Spark Tutorial - Building a Spark Cluster - Configuring Hadoop Pseudo Distribution Mode and Running a Wordcount Example (1)

Source: Internet
Author: User
Keywords nbsp ; run xml dfs
Tags address aliyun configuration configure create directory distributed distribution
& http: //www.aliyun.com/zixun/aggregation/37954.html "> nbsp; pseudo-distribution model involves the following configuration information:

Modify the Hadoop core configuration file core-site.xml, the main configuration HDFS address and port number;

Hdfs HDFS configuration file to modify hdfs-site.xml, the main configuration replication;

Modify Hadoop's MapReduce configuration file mapred-site.xml, mainly to configure JobTracker address and port;

In the specific operation before we first create a few folders in the Hadoop directory:

Let's start building and testing a specific pseudo-distributed process:

First configure the core-site.xml file:

Enter the core-site.xml file:

After configuration, the contents of the file are as follows:

Use the ": wq" command to save and exit.

Next configure hdfs-site.xml, open the file:

Open the file:

After the configuration file:

Enter ": wq" to save the changes and exit.
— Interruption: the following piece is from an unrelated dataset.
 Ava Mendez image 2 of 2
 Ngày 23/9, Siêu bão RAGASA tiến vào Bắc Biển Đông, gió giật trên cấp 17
Next modify the mapred-site.xml configuration file:

Enter the configuration file:

The content of the modified mapred-site.xml configuration file is:

Use the ": wq" command to save and exit.

Through the above configuration, we completed the simplest pseudo-distributed configuration.

Next hadoop namenode formatting:

Enter "Y" to complete the formatting process:

Next start Hadoop!

Start Hadoop as follows:

Using java comes with jps command to find out all the daemons:

Start Hadoop! ! !

Then use Hadoop for monitoring the status of the cluster Web page to view the health of Hadoop, the specific page is as follows:

http: // localhost: 50030 / jobtracker.jsp

http: // localhost: 50060 / tasttracker.jsp
http: // localhost: 50070 / dfshealth.jsp

The above Hadoop health monitoring page shows that our pseudo-distributed development environment is fully set up!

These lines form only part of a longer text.